AI commitments and gaps

Deep dream generator: “Post-apocalyptical playground at which kids make their own rules.”

U.S. president Bidenś recently announced AI commitments agreed by US government with Amazon, Anthropic, Google, Inflection, Meta, Microsoft, and OpenAI.

Fun fact: Meta unleashed its Llama2 (even though there are questions on its openness) just before committing to protecting proprietary and unreleased model weights.

In any case; the USA has a totally different approach from the EU with their AI Act. These commitments provide a great opportunity to do an early check on how self-regulation in AI could shape-up.

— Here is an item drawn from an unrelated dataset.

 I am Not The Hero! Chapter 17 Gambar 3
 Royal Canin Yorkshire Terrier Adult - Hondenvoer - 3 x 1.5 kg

There are three observations that stand out.

Vagueness

It has already been observed that most of said ‘commitments’ made by big tech are vague, generally non-committal, or confirmation of current practices.

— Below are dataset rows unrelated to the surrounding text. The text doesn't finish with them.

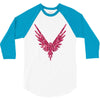 logan paul Maverick 3/4 Sleeve Shirt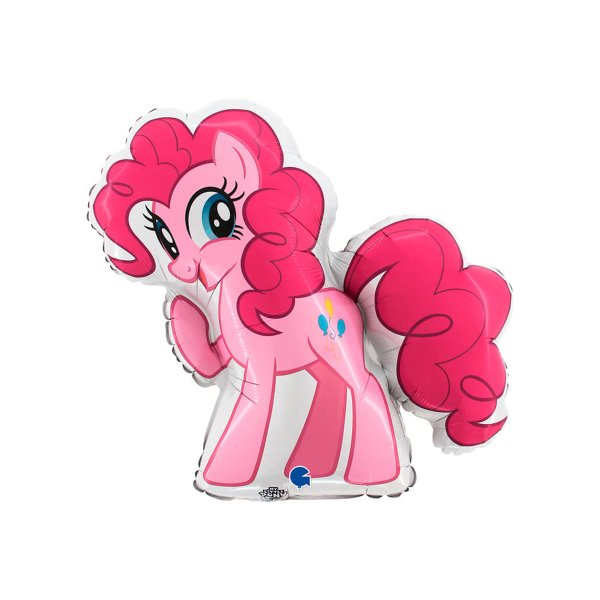 Folienballon - My Little Pony - Pinkie Pie - Form - 74 cm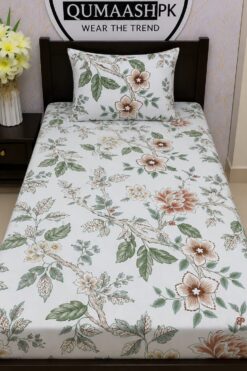 Sapphire Floral Bedding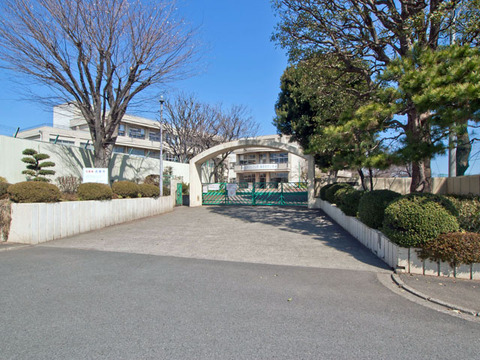 相模原市立若松小学校まで約280m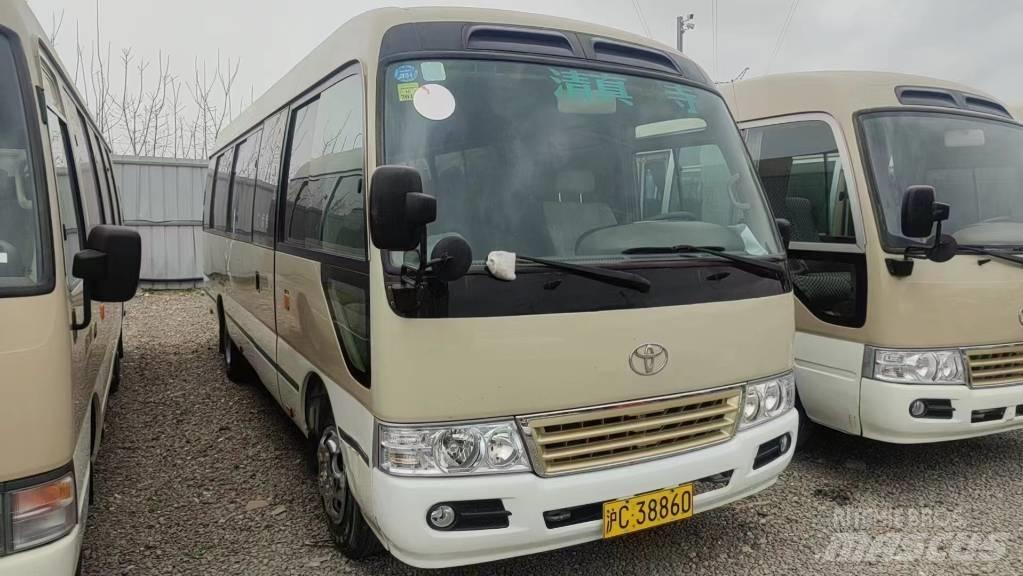 Toyota Coaster Autocarros intercidades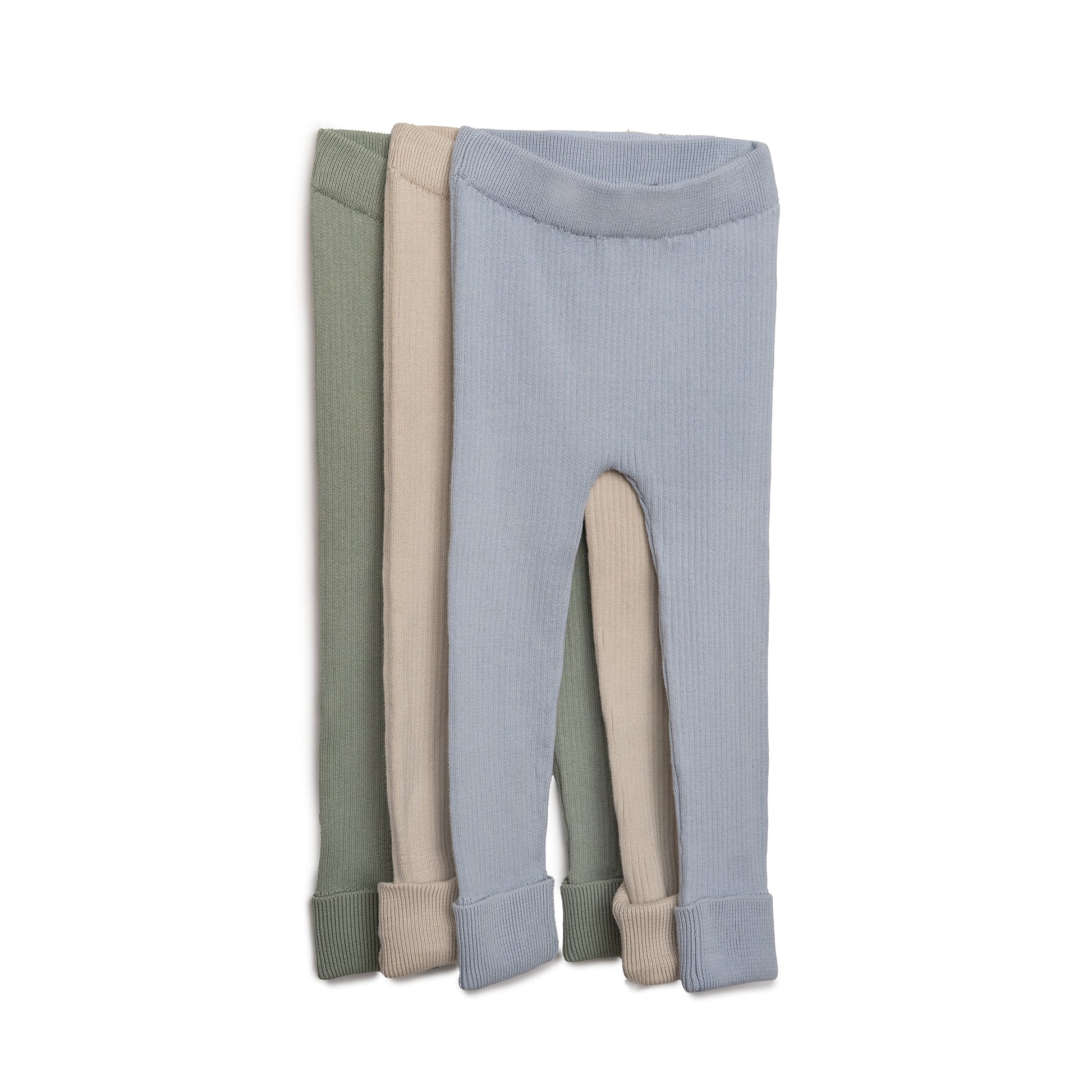 Hanevild Lynge leggings Pants sage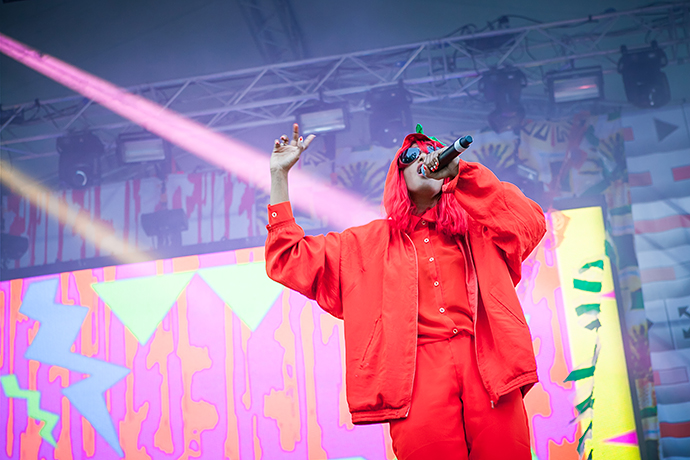 Martini Art Love Cinema в саду "Эрмитаж" (фото 27)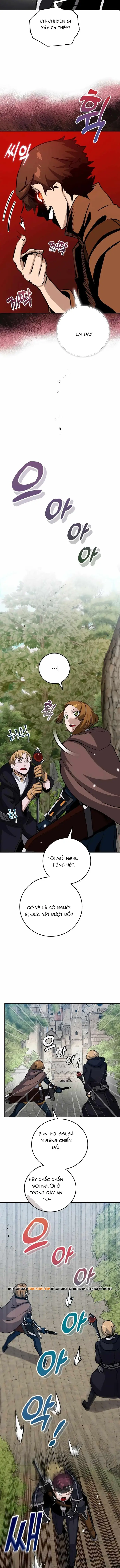 Cẩm Nang Của Đấng Cứu Thế Chap 10 - Next Chap 11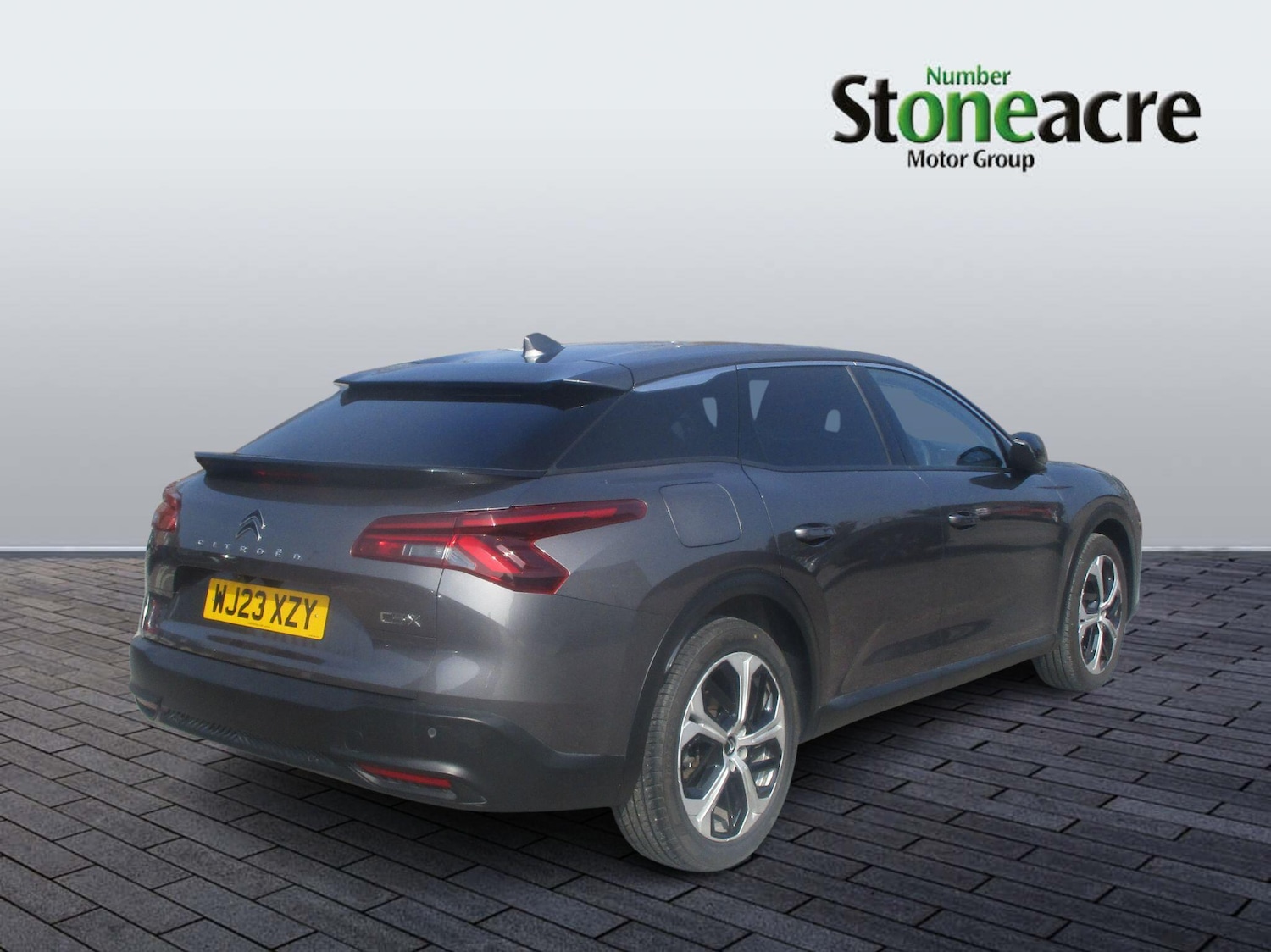 Used Citroen C5 X 2023 for sale - 77993999: Photo 8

Considering the success of the EU in getting big tech to change (e.g. GDPR, USB-C) I am convinced that in tech, strong legislation does not stifle creativity and innovation; but fuels it.

Data void

There are also notable omissions. The one that sticks out for me is the lack of commitment with respect to training data. And that at a moment that legal cases over data theft and copyright infringement are popping up in various places. In that context, Getty Images hopes that training on licensed content will become a thing.

Admittedly, discussions on data ownership are super interesting. But full clarity on the data going into foundational models (and the policies around it) would also sharpen the extent to which data biases may put model fairness and ethics at risk.

Content validation

By far the most interesting commitment is around identification of AI-generated content:

“The companies commit to developing robust technical mechanisms to ensure that users know when content is AI generated, such as a watermarking system“

Considering the expected amount of generated content, I expect not watermarking of AI-generated content (the vast majority of future data volumes) will be problematic.

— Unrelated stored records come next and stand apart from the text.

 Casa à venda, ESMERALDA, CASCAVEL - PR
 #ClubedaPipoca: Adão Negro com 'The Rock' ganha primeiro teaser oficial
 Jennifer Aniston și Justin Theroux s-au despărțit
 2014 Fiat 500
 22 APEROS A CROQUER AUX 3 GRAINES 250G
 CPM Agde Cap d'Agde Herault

And it also addresses the problem from the wrong side. In the future, the question will not be “What is fake?”, but rather “What is real?”

This points in the direction of watermarking of human-produced content to be the way forward. Think of an NFT for every photo you make with your smartphone of digital camera. I didn´t hear Apple, Samsung, or Nikon about this yet. But I wouldn´t be surprised if we see announcements in the near future.